Activity = Having located "Huge LED display", write out its line and the remaining lines of the material exactly, the last one included, but not the pictures.

** Opening Records provided block **

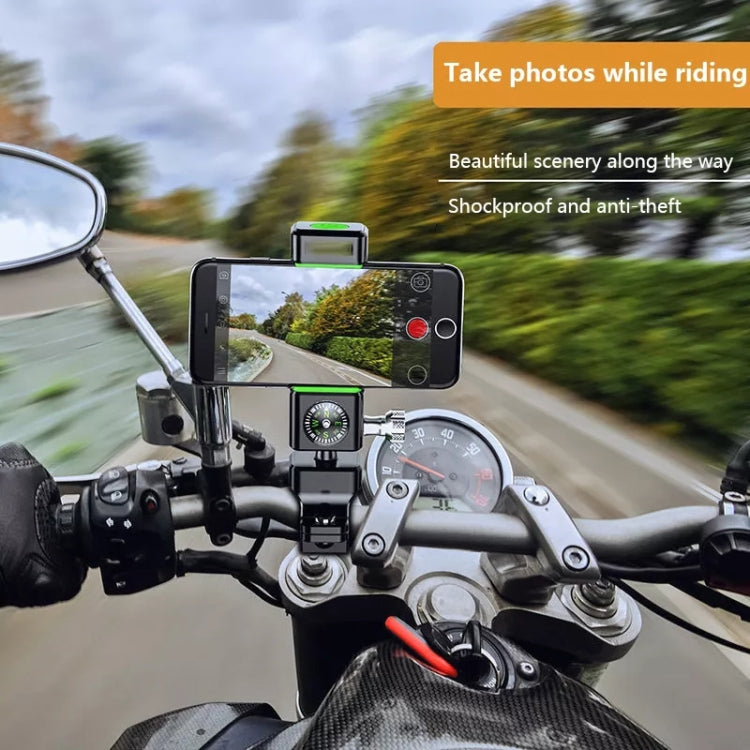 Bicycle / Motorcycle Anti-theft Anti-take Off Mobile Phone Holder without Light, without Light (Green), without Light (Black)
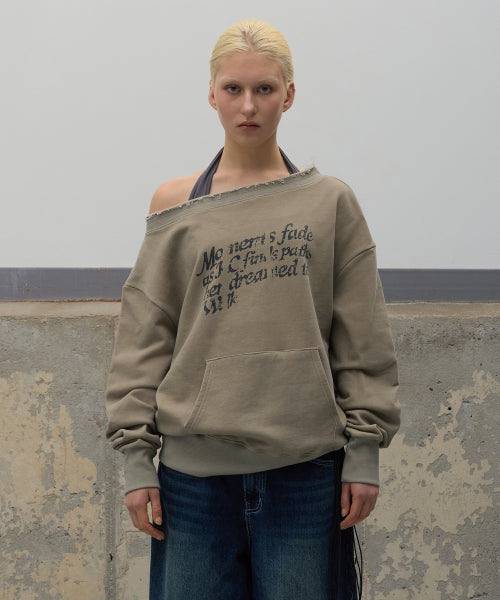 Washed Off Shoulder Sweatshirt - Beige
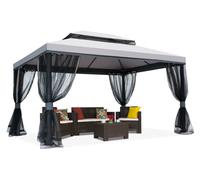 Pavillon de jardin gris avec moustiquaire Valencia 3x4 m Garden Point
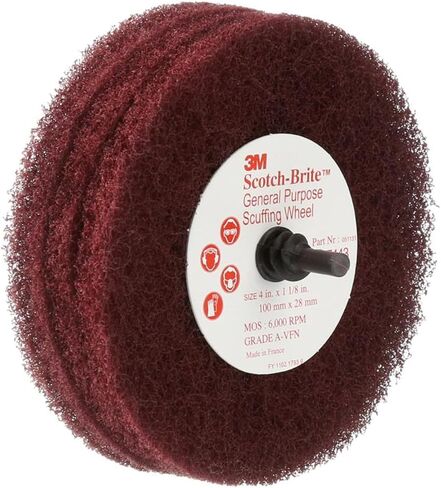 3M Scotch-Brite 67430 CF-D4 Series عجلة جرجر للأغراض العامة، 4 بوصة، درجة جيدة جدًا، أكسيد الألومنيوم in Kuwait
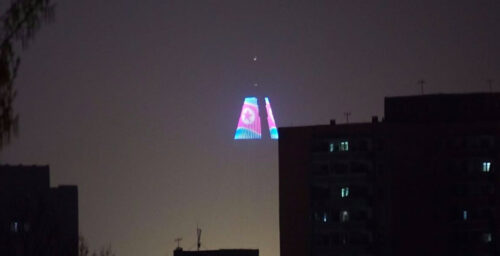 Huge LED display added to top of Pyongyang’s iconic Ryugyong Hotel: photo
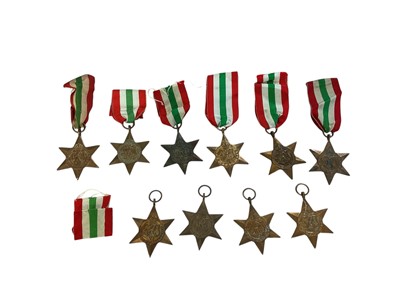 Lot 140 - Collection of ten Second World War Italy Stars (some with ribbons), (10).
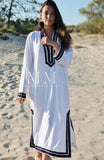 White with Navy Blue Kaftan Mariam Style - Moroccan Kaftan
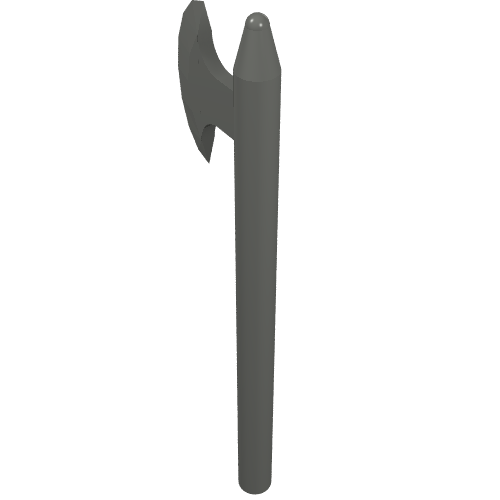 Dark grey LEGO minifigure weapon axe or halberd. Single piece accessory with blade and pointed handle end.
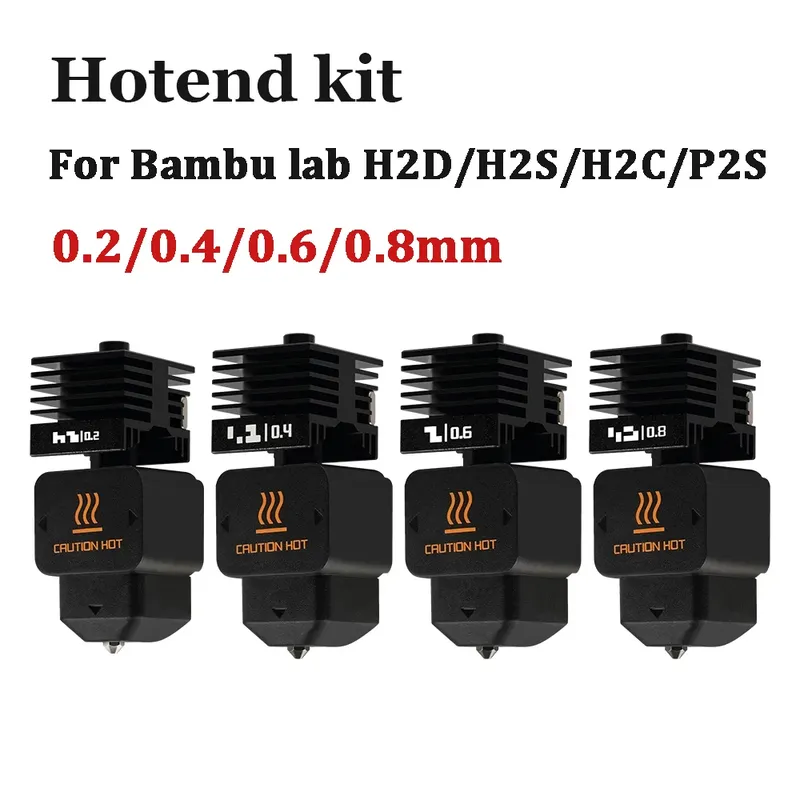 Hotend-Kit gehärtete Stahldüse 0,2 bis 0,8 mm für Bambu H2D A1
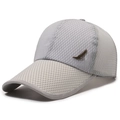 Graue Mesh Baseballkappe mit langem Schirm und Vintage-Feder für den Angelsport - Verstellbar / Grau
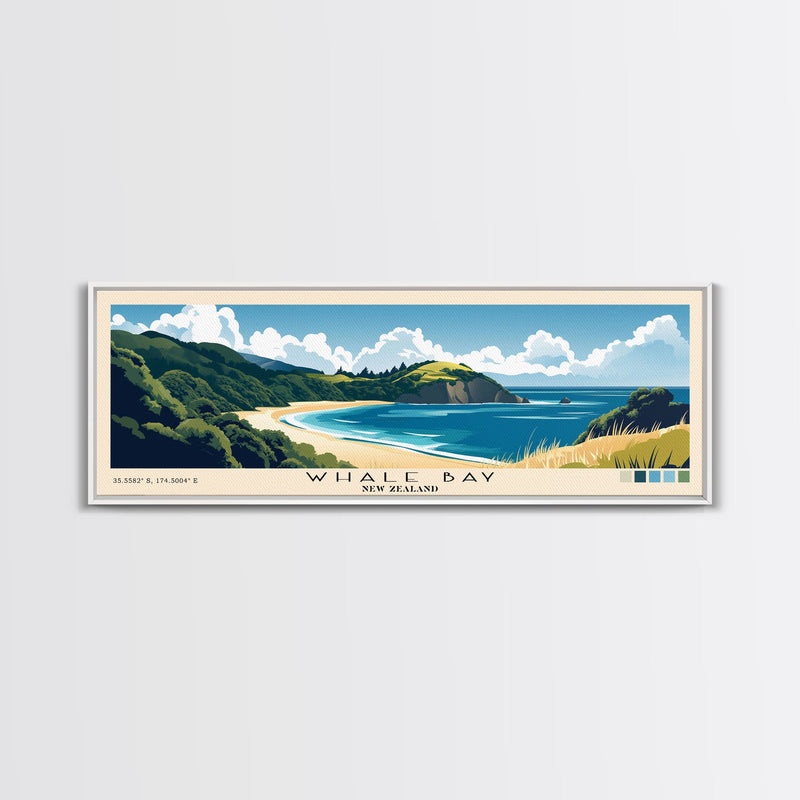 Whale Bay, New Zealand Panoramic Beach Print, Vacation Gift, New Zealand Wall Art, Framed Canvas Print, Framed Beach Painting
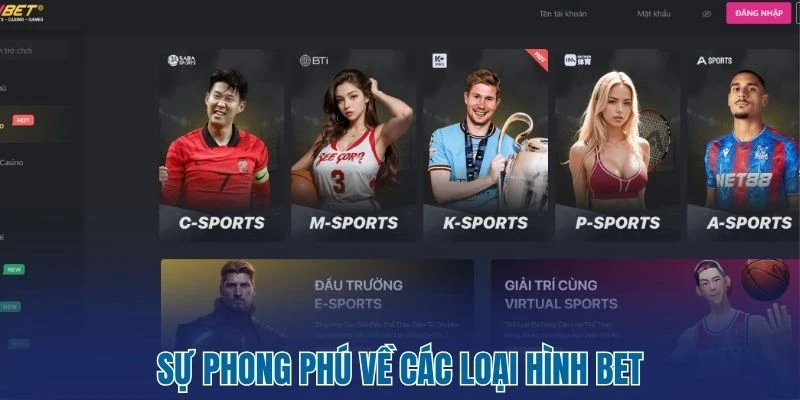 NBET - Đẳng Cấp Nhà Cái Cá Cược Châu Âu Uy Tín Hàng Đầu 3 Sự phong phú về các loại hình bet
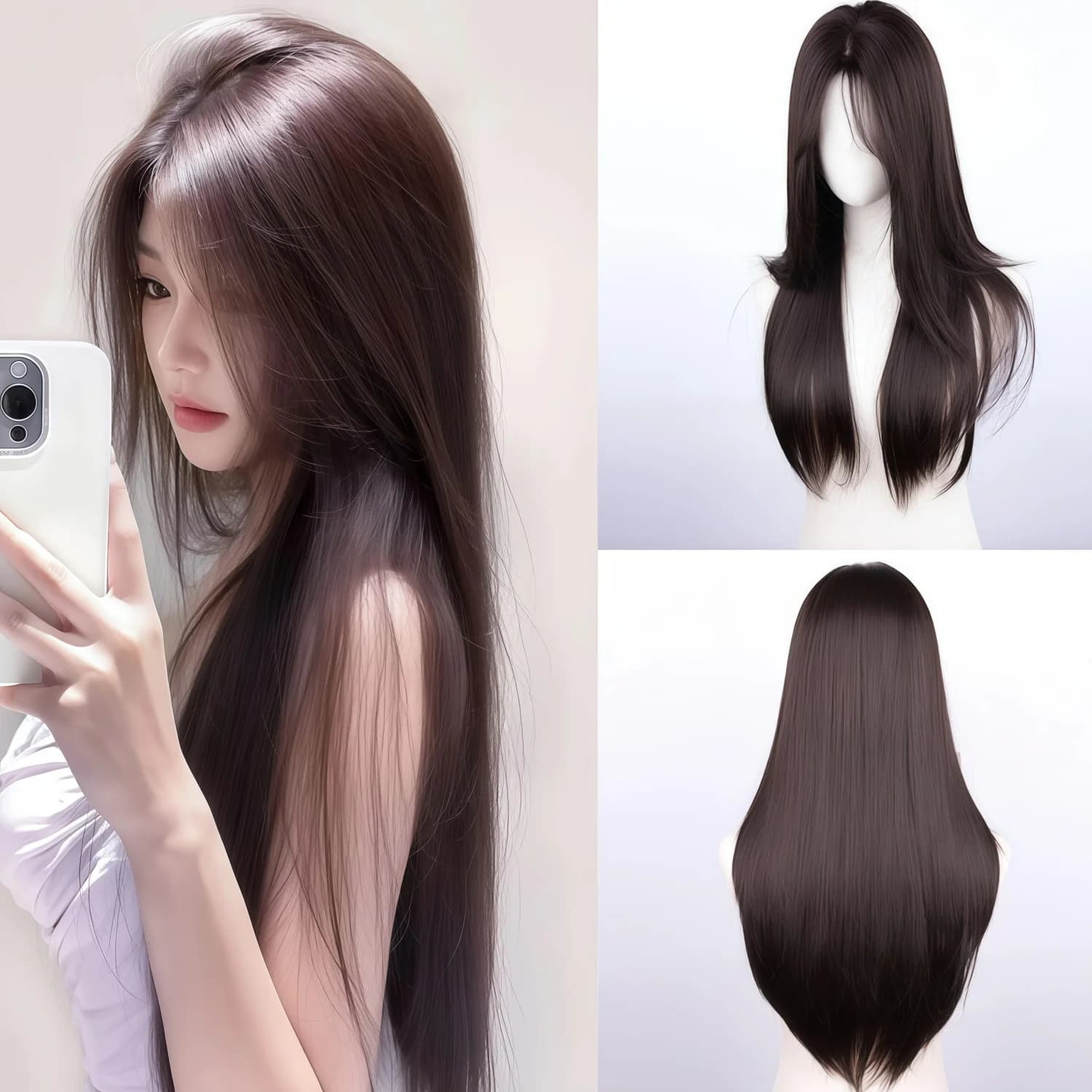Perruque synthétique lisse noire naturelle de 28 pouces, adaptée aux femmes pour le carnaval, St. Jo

** Closing Records provided block **

Written reply =
 Huge LED display added to top of Pyongyang’s iconic Ryugyong Hotel: photo
 Lot 140 - Collection of ten Second World War Italy Stars (some with ribbons), (10).
 White with Navy Blue Kaftan Mariam Style - Moroccan Kaftan
 Dark grey LEGO minifigure weapon axe or halberd. Single piece accessory with blade and pointed handle end.
 Hotend-Kit gehärtete Stahldüse 0,2 bis 0,8 mm für Bambu H2D A1
 Graue Mesh Baseballkappe mit langem Schirm und Vintage-Feder für den Angelsport - Verstellbar / Grau
 Whale Bay, New Zealand Panoramic Beach Print, Vacation Gift, New Zealand Wall Art, Framed Canvas Print, Framed Beach Painting
 NBET - Đẳng Cấp Nhà Cái Cá Cược Châu Âu Uy Tín Hàng Đầu 3 Sự phong phú về các loại hình bet
Perruque synthétique lisse noire naturelle de 28 pouces, adaptée aux femmes pour le carnaval, St. Jo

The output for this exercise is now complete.